The general thrust of presentations was that the collection is a goldmine for doing certain research (not all kinds), and that there ought to be attention at ITS to linking or bringing parts of the archive together that once were united.
The sense was that the collection is and will be an important venue for new history on the Nazi Holocaust – including local history studies of particular transports, social history studies of the fates of people from particular towns in the camps, and specialized studies of groups of prisoners – women, children and youths, and others. It will be a place where the everyday practices of persecution beyond the juridical can be studied and where historical and comparative work on the camps and on the slave labor and forced labor systems that coexisted under Nazi rule can be carried out. The Displaced Person records also provide a basis for writing a massive history or histories of the European upheaval at mid-century, with global implications, since European refugees went everywhere.

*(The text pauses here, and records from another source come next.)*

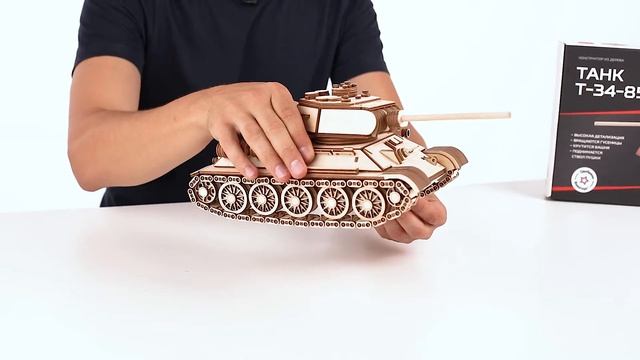 Обзор сборных моделей из дерева "Армия России" Т-34, МС-1 и СУ-18 смотреть онлайн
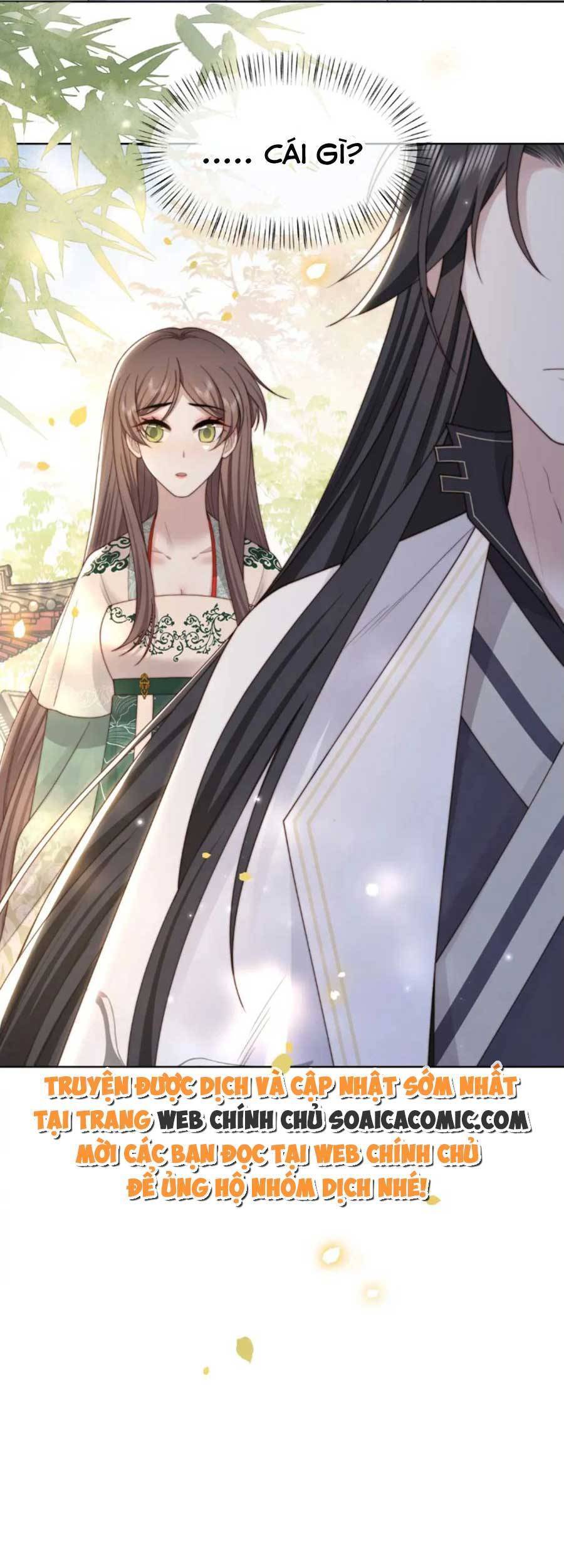 Cô Vương Quả Nữ Chapter 54 - 26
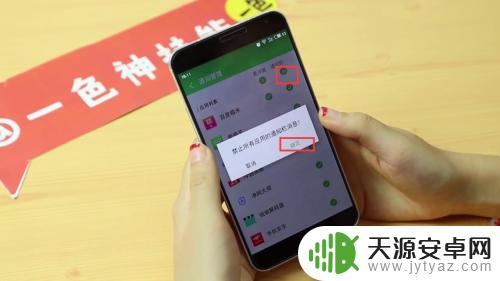 如何设置手机屏幕速度快 提高手机运行速度的小窍门
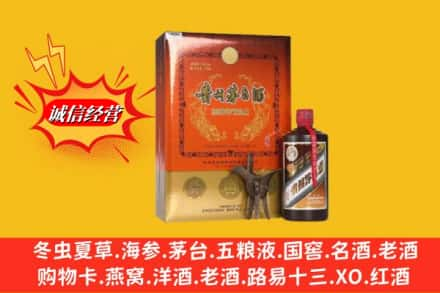 红河州弥勒回收贵州茅台酒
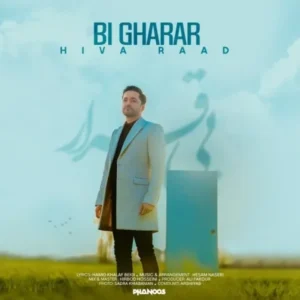 دانلود آهنگ جدید هیوا راد بی قرار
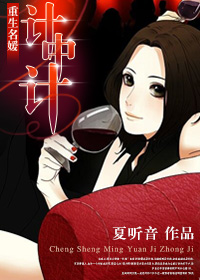 重生名媛计中计番外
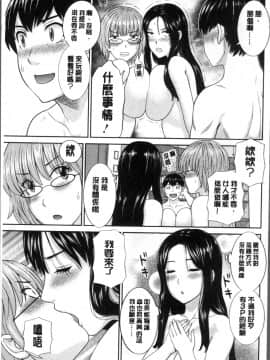 [4K掃圖組][かわもりみさき] 淫乳主婦の不貞願望 奥さんと彼女と❤2_107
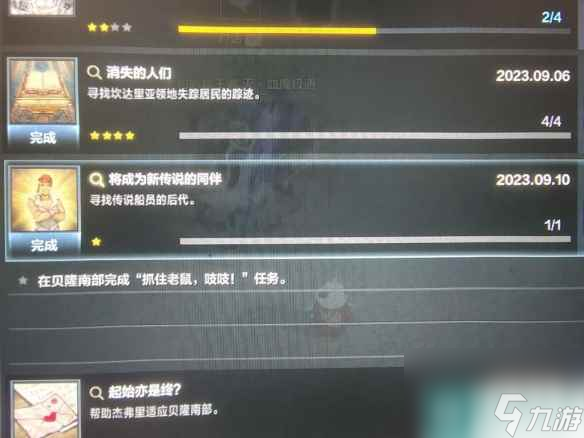 《命运方舟》贝隆南隐藏任务抓住老鼠吱吱怎么做？ 抓住老鼠吱吱任务攻略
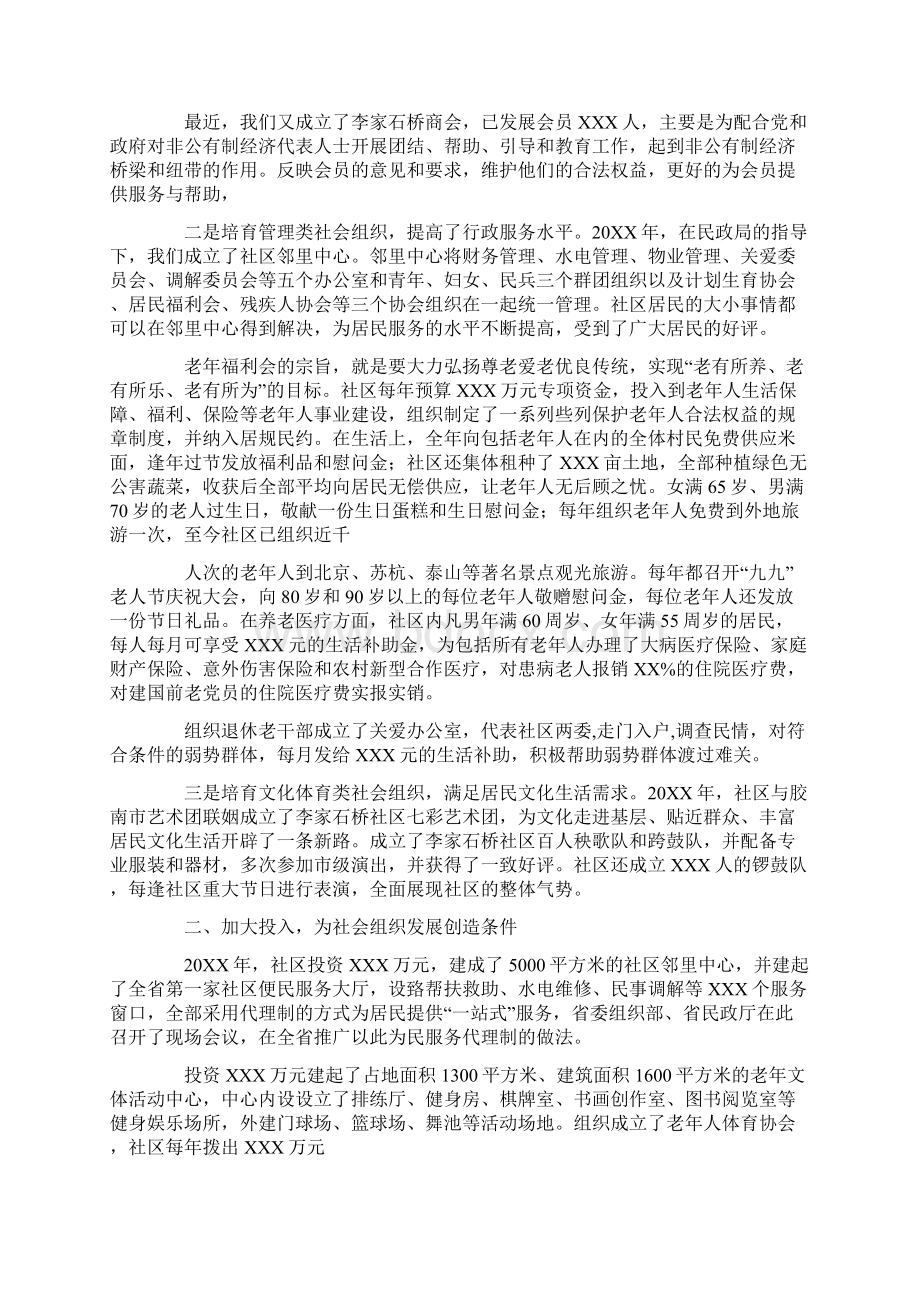 社区社会组织总结Word文件下载.docx_第3页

Personally, I found the forced labor records discussion fascinating. Alongside the Nazi concentration camp and slave labor system, the Nazis built a forced labor system of great range and size. Forced labor involving foreign workers existed in the web of local German society. Laborers worked for firms but also for local professionals and churches and on farms. My colleagues did regional studies of forced labor that included local towns, particularly Kassel and Bad Arolsen. The two labor systems appeared to resemble pre-war American slavery (slave labor) and post-war American sharecropping (forced labor) and also to be new. Forced labor was better and freer than slave labor, of course, but both were forms of bondage. Forced laborers worked on contracts, could complain to authorities about contract violations, and took leaves and visited families. But violations of contracts and other behaviors could land forced laborers in the camps as slaves.
Konrad Kwiet thinks the archive should be a European-wide institution, a repository for studying aspects of the upheaval of Europe. His group made a good case for the value of the Displaced Person documents in the ITS collection, noting the number and the variety of displaced persons (about 350,000 at war’s end) and the richness of holdings that include people’s stories, their strategies and choices after upheaval, and trace elements of what had happened to them and where they sought to go. The end of colonialism, the displacement of peoples in Europe, and the refugee movement mark this as a caesura of European history.

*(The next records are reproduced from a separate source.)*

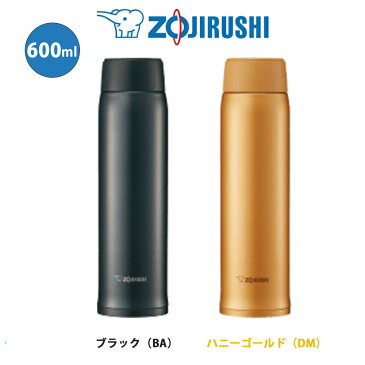 ステンレスマグ TUFF 600ml 水筒象印 ZOJIRUSHIスクリュータイプブラック／ホワイトピンク／ハニーゴールドSM-NA60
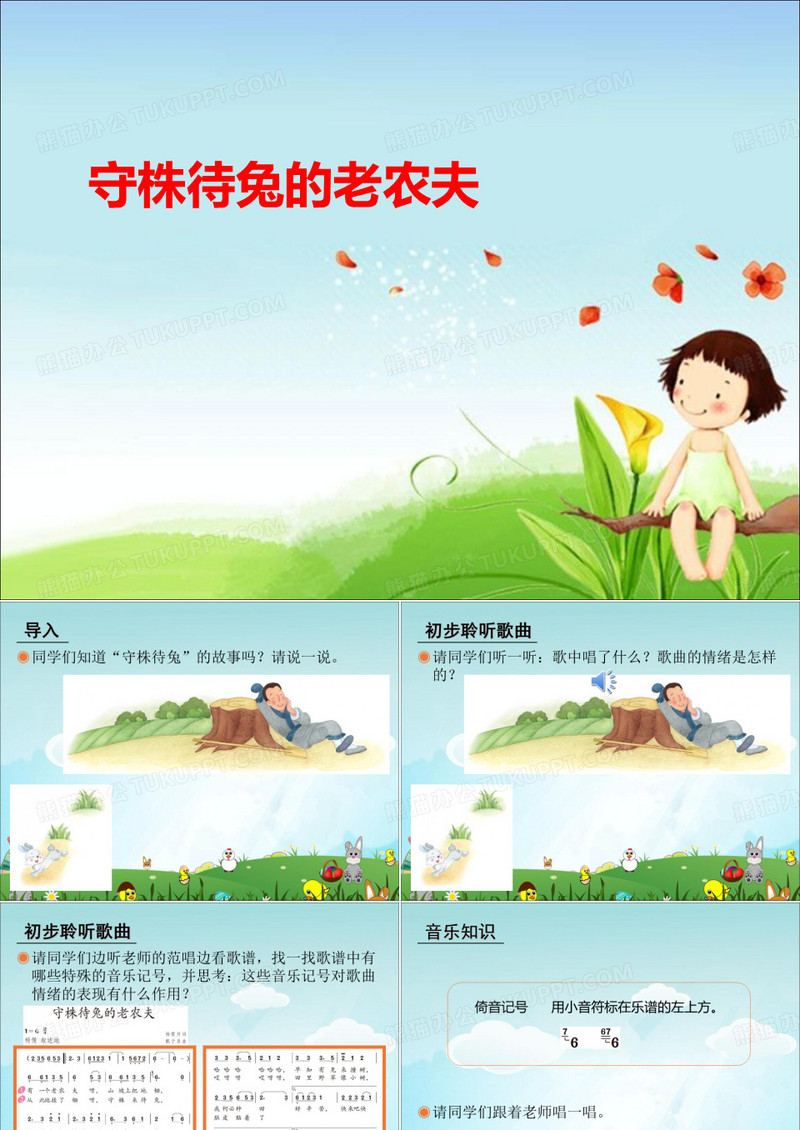 《唱歌 守株待兔的老农夫(简谱、五线谱)》课件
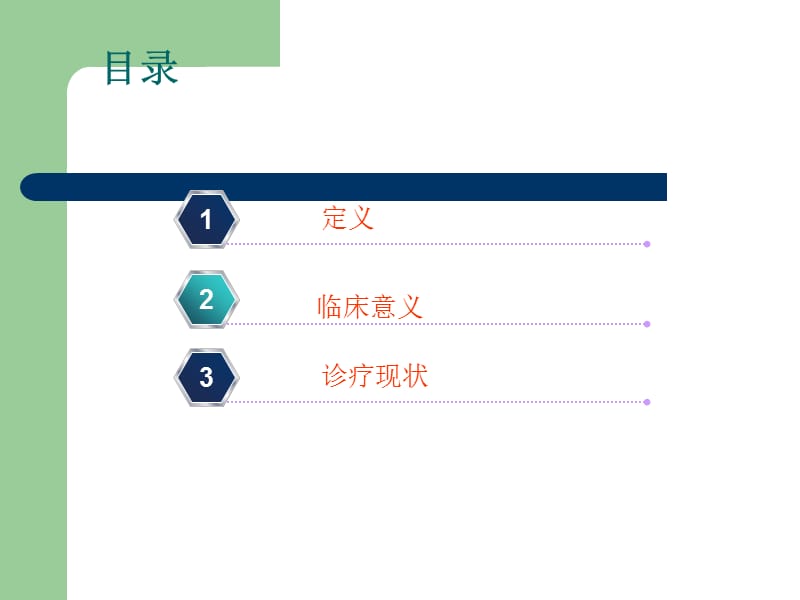 肺部磨玻璃样变(GGO)的诊疗.ppt_第2页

I made a final set of discoveries in my own work. Block 66 was a haven for children and youths during the final three months of Buchenwald, I knew. In the end, some 900-1000 boys were clustered here, including Elie Wiesel. But today I discovered a set of books marked Verlegungen inerhalben der blocks (transfers among the blocks), and quickly the numerical history of block 66 unfolded. The block was populated by mid-January 1945, then older prisoners were moved out and newer, younger prisoners were brought in – especially during late January and early February. The youngest prisoners, including Israel Lau, were placed in block 8. The coincidence of the coming of large transports of boys from the evacuation of Auschwitz (January 22, 23, and 26) with the commitment by the German Communist-led international resistance to assist them, led on January 25-26 to a huge transfer, opening up block 66 for clustering boys. Nearly 170 boys were moved in, then 180 boys, then another 95, and then 77 as new transports came from Gross Rosen. I’m not sure I’ve got all the numbers, but I now see the timing of and trajectory of the building of the main rescue block.
The computer consultant to ITS approached me tonight at dinner and said it was now possible to search the entire camp records database by birth date – that is, by age. One could thus ask for a sample of names and birthdates of all children in all the camps – all those born, say, in 1930 or 1931 and after. I am intrigued with the possibility of studying children in and across the camps.

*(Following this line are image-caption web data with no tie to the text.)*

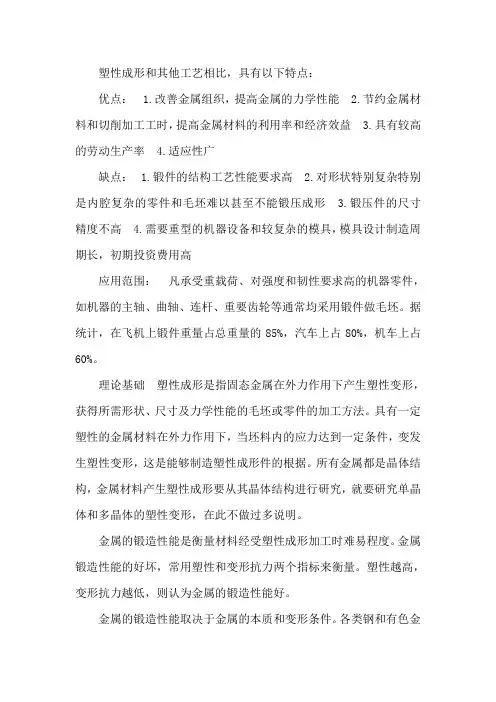 塑性成形论文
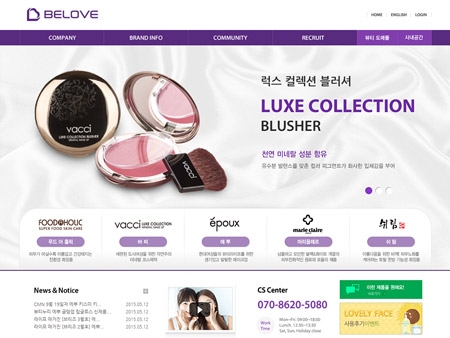 ㈜베로베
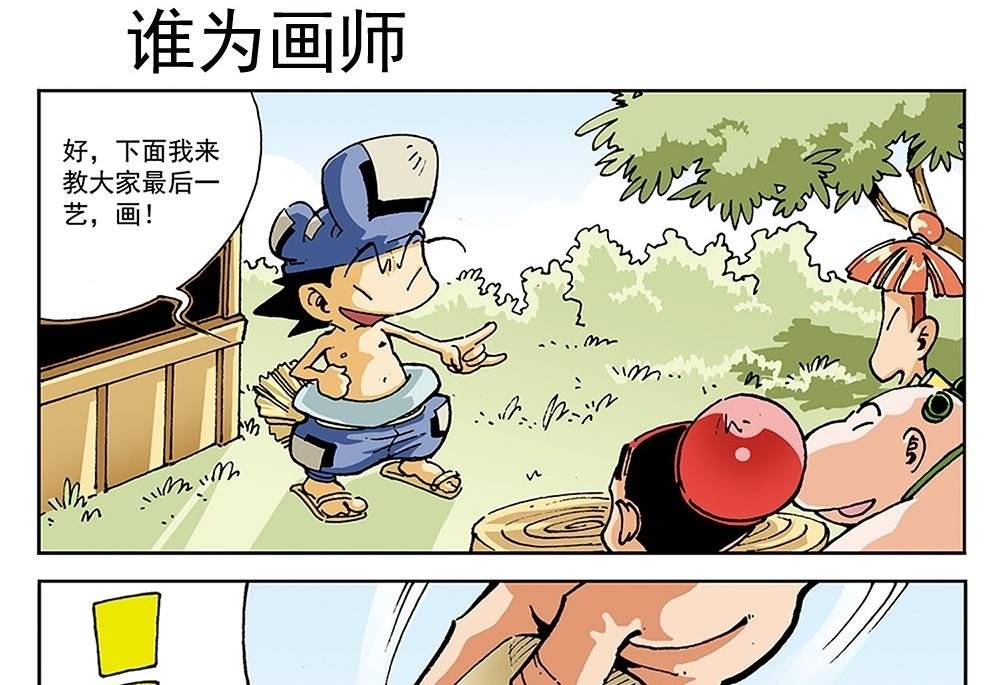 第99话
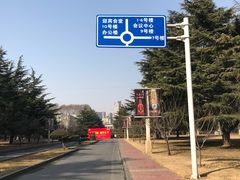 -河南省黄河迎宾馆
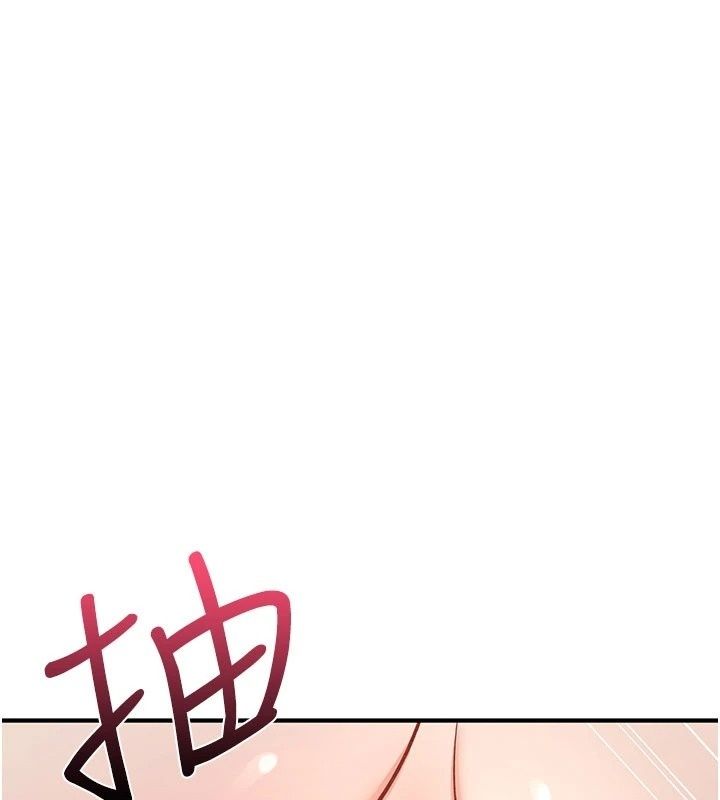 詛咒性轉物語第46話-不願淪為母狗的拚死掙扎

Tomorrow, I will participate in the final ITS discussions during the morning, then pack up and head from Kassel to Weimar to be ready to speak at Buchenwald. I want to say tonight how well we’ve been treated here and what good, nice, sharp people are at ITS under the current leadership. Reto Meister, the director; Udo Jost, the head archivist; and Irmtrud Wojak, the new historian, are top-notch folks who have listened and engaged with us solidly and who have their own good ideas about how to use the current moment to preserve and strengthen this institution, charged with stewardship of these important materials, and also to make it into something new.